Work/life integration was reported to have a flip side, as employees reported enjoying dinner times with the family, but then returning to work after the kids were in bed. Additional positive wellness benefits included walks at lunch and healthier eating.

Team approach
Teams and their managers are more intentional about touchpoints and are organically breaking down corporate silos. There’s a strong measure of organizational bonding when the CEO is broadcasting the daily report from their kitchen creating a more intimate connection with their teams. Augustin noted that the COVID-19 pandemic may tighten some bonds between employees who feel united in an important endeavor—survival.
Patience and the softer side
The work-from-home picture is not completely rosy, with kids and pets in the background, technology challenges, or a view of dirty laundry baskets from your camera. The need to apologize or try to hide the mayhem happening in the background has diminished. Patience is requested and granted. People genuinely care and seem more willing to cut someone slack at this time. This shared experience is building new levels of bonding and cooperation.
When we finally return
Returning to a certifiably clean workplace was the most important factor in the eventual return to the office. Health and hygiene will be paramount, with employees asking how they can be certain that the workplace is adequately cleaned and what protocols will be in place to assure that they will not be exposed to the virus in the future. New procedures for allowing visitor, vendors, and contractors to enter workplaces will be demanded. Tech and desk sharing practices will need to be revamped along with work and collaboration seat densities. Interior air quality monitoring will take on new importance. While the return to the office will likely occur in phases, using technology infrastructure systems to allow access, employees will be emboldened to push back on returning until they feel it is safe to do so. Trust will be as important for an effective return to the workplace as it has been to organizational survival during this work-from-home period.

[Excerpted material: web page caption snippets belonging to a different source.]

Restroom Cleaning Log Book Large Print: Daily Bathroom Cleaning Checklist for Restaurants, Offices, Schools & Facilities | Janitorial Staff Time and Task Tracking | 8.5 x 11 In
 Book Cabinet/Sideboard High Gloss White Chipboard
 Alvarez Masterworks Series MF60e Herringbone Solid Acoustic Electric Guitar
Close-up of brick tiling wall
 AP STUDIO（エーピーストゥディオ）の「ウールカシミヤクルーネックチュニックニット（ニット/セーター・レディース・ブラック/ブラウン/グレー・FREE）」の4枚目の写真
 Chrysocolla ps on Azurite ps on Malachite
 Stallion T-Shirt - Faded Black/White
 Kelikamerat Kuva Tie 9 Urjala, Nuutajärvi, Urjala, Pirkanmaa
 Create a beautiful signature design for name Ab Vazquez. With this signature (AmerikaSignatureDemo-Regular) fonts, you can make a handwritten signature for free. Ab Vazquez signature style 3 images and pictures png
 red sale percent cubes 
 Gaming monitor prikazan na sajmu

Will this unintended work-from-home experiment yield any corporate real estate savings? Most of the clients in this study did not see it as a revolution, but even a few percentage points will impact the balance sheet. It appears as if employees will be moved back into the office in waves, before some number of them are potentially re-released to return to work from home in the future. No companies in this study intended to have employees work entirely remote, with most suggesting a one-to-three day per week timeframe. Intricacies of seat-sharing or unassigned desking will impact the square footage requirements, but all roads lead to some eventual savings.

Taste of freedom and flexibility
These past few weeks have shown that it is possible to have almost all corporate roles function outside the office. How optimized or efficient those roles are and the impact on the business has yet to be determined. Employees have been given an extraordinary amount of control over the way they work. Humans flourish when they have some control over their workplace experiences, but repercussions of this autonomy will be an open question to investigate when employees return to the office.